◆ GIVEN DATA ◆
=== Section Start ===
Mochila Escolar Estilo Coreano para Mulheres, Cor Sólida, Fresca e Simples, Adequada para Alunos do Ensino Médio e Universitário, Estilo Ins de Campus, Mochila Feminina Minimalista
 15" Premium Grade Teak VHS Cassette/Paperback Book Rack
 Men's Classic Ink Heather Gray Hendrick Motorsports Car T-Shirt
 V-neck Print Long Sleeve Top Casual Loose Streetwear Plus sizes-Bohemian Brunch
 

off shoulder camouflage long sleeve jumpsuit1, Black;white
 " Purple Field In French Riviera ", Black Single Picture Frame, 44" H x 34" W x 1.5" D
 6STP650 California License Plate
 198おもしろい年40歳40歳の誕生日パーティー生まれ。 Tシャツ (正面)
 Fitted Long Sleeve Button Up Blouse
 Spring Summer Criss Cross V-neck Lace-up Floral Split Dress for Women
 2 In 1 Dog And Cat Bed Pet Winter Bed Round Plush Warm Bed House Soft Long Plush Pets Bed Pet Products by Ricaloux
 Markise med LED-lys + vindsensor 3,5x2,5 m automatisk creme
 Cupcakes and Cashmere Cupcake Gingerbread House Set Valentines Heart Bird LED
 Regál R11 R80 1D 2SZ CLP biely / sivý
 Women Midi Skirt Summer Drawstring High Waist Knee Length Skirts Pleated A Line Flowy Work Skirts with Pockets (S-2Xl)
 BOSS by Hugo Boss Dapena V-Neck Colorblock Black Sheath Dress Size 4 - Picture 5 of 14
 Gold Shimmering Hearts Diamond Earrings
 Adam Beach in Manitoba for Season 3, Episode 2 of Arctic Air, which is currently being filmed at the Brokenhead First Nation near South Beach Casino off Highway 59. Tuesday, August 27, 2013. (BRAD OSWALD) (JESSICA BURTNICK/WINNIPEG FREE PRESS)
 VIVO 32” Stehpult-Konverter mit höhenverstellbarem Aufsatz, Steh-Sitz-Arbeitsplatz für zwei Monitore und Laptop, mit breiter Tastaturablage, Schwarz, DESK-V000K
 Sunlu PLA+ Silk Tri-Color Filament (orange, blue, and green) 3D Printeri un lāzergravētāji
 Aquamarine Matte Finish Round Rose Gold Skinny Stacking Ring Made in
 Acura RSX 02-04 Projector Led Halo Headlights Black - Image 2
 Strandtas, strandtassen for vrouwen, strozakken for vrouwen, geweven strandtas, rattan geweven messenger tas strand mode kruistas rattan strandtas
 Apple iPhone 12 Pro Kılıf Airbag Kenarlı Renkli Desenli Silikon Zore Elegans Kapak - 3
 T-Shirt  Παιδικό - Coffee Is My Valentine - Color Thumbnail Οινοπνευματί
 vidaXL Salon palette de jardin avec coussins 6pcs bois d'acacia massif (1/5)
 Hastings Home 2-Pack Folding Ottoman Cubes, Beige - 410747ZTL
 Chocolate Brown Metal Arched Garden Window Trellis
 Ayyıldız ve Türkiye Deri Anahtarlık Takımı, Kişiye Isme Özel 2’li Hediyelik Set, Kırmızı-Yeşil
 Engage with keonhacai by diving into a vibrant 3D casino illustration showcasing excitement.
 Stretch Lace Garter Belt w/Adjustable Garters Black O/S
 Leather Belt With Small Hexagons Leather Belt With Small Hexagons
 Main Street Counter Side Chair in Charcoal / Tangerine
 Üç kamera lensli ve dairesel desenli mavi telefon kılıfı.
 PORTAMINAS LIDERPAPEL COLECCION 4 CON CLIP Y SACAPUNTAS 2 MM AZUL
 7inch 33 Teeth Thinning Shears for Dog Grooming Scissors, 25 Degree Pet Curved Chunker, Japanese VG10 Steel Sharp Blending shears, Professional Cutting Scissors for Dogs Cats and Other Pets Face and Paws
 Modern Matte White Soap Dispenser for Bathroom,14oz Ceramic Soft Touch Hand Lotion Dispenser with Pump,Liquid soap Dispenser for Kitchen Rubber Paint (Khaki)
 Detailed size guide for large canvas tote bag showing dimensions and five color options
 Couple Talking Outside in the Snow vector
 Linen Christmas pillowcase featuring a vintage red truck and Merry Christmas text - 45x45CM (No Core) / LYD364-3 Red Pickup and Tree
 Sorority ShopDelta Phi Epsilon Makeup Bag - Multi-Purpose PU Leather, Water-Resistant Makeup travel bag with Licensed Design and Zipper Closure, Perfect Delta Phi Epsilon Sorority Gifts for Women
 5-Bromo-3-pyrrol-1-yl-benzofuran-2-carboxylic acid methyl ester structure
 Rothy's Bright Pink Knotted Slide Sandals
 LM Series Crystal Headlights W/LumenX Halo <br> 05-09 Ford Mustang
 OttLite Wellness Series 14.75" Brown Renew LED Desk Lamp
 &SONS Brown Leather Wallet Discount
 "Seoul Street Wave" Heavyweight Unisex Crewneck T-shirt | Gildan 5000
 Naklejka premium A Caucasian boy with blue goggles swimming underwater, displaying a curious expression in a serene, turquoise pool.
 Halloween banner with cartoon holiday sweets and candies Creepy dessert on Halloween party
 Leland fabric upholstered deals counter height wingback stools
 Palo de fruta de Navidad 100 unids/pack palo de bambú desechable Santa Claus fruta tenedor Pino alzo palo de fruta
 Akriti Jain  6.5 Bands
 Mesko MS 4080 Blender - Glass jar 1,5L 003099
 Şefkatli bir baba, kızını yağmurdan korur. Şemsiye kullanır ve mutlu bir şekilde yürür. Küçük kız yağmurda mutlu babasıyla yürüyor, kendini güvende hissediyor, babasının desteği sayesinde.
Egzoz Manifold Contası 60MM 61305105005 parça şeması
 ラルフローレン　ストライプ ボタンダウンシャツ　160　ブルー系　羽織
=== Section End ===
◆ REQUIRED ACTION ◆
Please give an exact copy of the entries above, from the line with "Markise med LED-lys" down to the line with "Women Midi Skirt", inclusive, and nothing else.

◆ TASK ANSWER ◆
 Markise med LED-lys + vindsensor 3,5x2,5 m automatisk creme
 Cupcakes and Cashmere Cupcake Gingerbread House Set Valentines Heart Bird LED
 Regál R11 R80 1D 2SZ CLP biely / sivý
 Women Midi Skirt Summer Drawstring High Waist Knee Length Skirts Pleated A Line Flowy Work Skirts with Pockets (S-2Xl)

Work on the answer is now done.